━━━━━ INPUT DATA

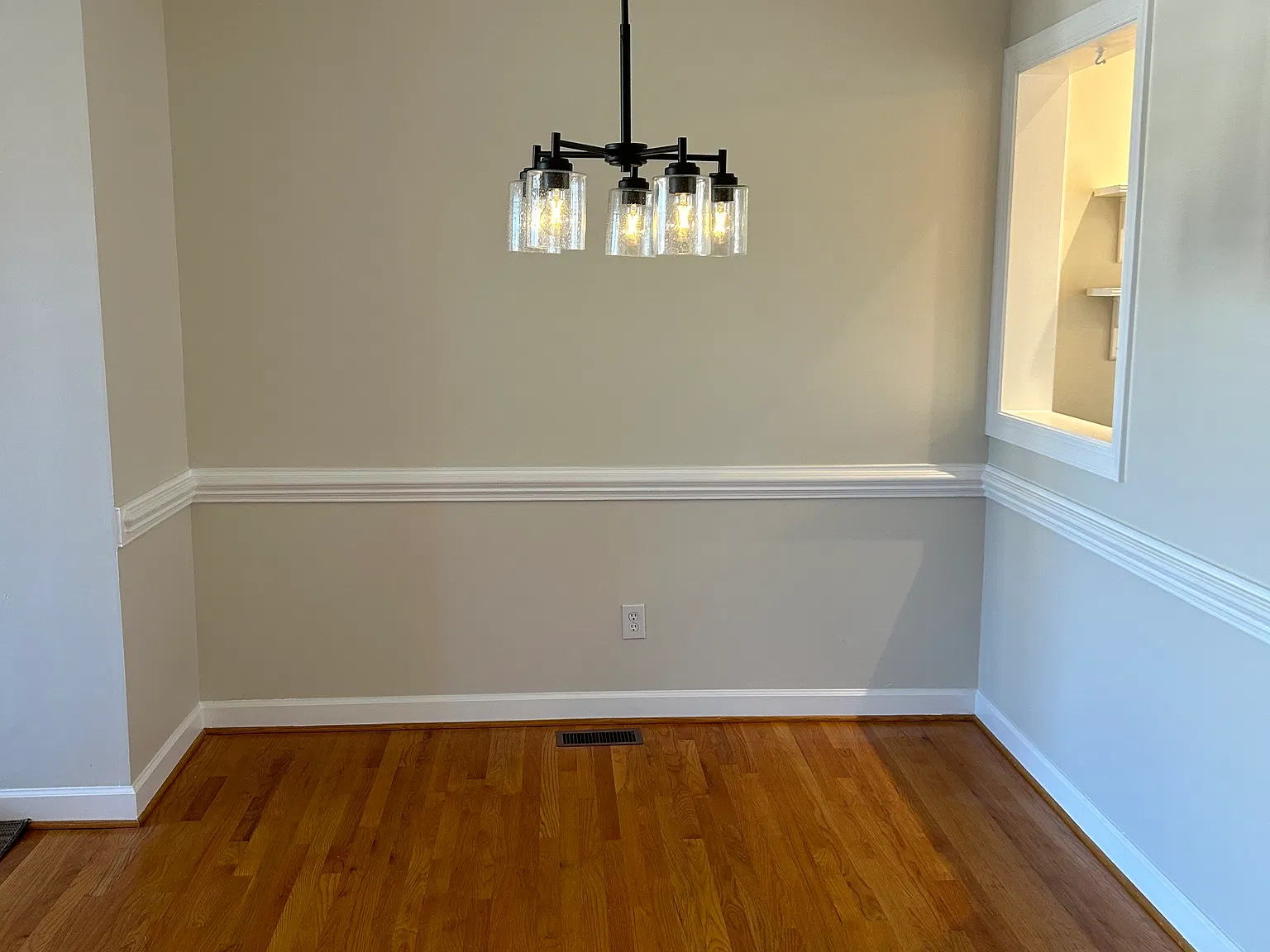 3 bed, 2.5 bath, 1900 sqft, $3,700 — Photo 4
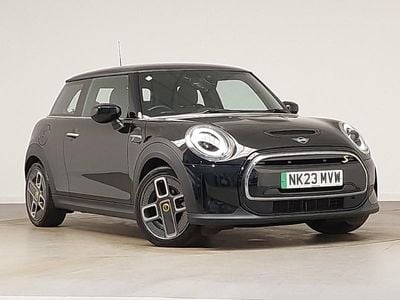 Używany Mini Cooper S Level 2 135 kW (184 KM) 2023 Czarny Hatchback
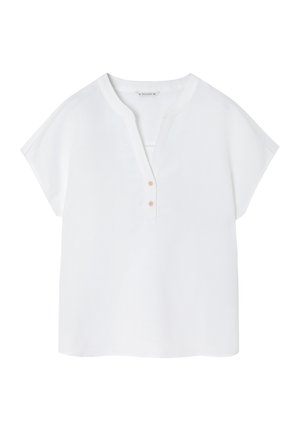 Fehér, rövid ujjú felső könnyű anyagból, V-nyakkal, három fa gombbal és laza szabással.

━━━━━━━━━━

#### [REQUIRED ACTION]
Without including any pictures, reproduce the listing exactly.

#### [RESPONSE TO THIS EXERCISE]
 3 bed, 2.5 bath, 1900 sqft, $3,700 — Photo 4
 Używany Mini Cooper S Level 2 135 kW (184 KM) 2023 Czarny Hatchback
 Fehér, rövid ujjú felső könnyű anyagból, V-nyakkal, három fa gombbal és laza szabással.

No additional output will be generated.